The spate of suicide bombings and the confrontation in Ramallah fanned fears of bloodier clashes after 18 months of violence in the Palestinian uprising against Israeli occupation in the West Bank and Gaza Strip.
“Citizens of Israel: the state of Israel is at war, a war against terror,” Sharon said in a televised address Sunday.
“We must fight this terrorism in an uncompromising war to uproot these savages, to dismantle their infrastructure, because there is no compromise with terrorists,” Sharon continued.
“This terrorism is activated, coordinated and directed by one man … Yasser Arafat,” he said, calling Arafat “the enemy of the free world.”
Arafat has been under siege since the Israeli government declared him an “enemy” Friday and sent tanks to his headquarters, saying it intended to isolate him after a series of Palestinian suicide bombings against Israelis.
ISRAEL TIGHTENS RING
Arafat remained defiant Sunday as Israeli troops battled his guards and tightened their ring round his headquarters.
Witnesses said at least two people were killed and six of Arafat’s guards wounded in Ramallah. Scores of Palestinians were arrested in the city.
Late Sunday, about 100 Israeli tanks and other armored vehicles thrust into the West Bank town of Qalqilya and took it over, Palestinian sources and residents said.
They said troops cut off the town’s electricity and water supplies before they moved in. Residents said they could hear explosions from occasional shelling and heavy machinegun fire.
Along with tough words, Sharon said a cease-fire would be possible once the campaign against the Palestinians had been completed.

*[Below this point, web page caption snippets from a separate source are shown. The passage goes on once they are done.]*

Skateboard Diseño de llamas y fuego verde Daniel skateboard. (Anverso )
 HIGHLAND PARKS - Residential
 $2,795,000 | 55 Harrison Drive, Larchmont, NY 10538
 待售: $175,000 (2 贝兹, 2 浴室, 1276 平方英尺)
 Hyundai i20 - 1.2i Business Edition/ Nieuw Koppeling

In an interview for broadcast on CBS TV’s “60 Minutes,” Sharon also said he would take part if the United States called a Middle East peace meeting with Arab leaders.
Leading Palestinians rejected Sharon’s comments.
“This is Sharon’s style, nothing new and nothing surprising. But by claiming he will extend his hand for peace after he completes his mission, Sharon is only making a silly joke,” said Palestinian Information Minister Yasser Abed Rabbo.
Sharon spoke after further deadly attacks by Palestinian suicide bombers Sunday, bringing the number of such attacks to five since the Jewish Passover holiday began last Wednesday.
Fifteen people eating at a restaurant run by Israeli Arabs in the northern port city of Haifa were killed and 40 people wounded when a Palestinian suicide bomber blew himself up. The blast tore off the roof and spewed debris over a car park.
SECOND ATTACK
Paul Drimmer, a 52-year-old manager injured in the blast, said the wave of bombings had to stop. “I don’t know how to stop it, but it must be stopped, whatever it costs,” he said.
The Palestinian Islamic militant group Hamas said a 22-year-old resident of a refugee camp in the northern West Bank town of Jenin carried out the attack on its behalf to avenge the Israeli attacks on Ramallah and elsewhere.
A second suicide attack wounded six people at a Jewish settlement in the West Bank.
With world attention focused on the besieged Arafat, elite Israeli soldiers went house to house in the twin towns of Ramallah and al-Bireh, searching for Palestinian militants.
“They entered the house pointing their rifles at us,” said Leila al-Jdaili, 40, standing in a ransacked apartment.
In one building, the bullet-riddled bodies of two young Palestinian men lay in a pool of blood in the stairwell. They were shot by Israeli snipers, local residents said.
The Israeli army declared Ramallah a closed military zone and said non-residents, including foreign journalists, would be removed by force if necessary.
The pope’s Easter appeal for peace fell on deaf ears. “It seems that war has been declared on peace,” he said in his message, calling for an end to the “dramatic spiral of abuse of power and killings that bloody the Holy Land.”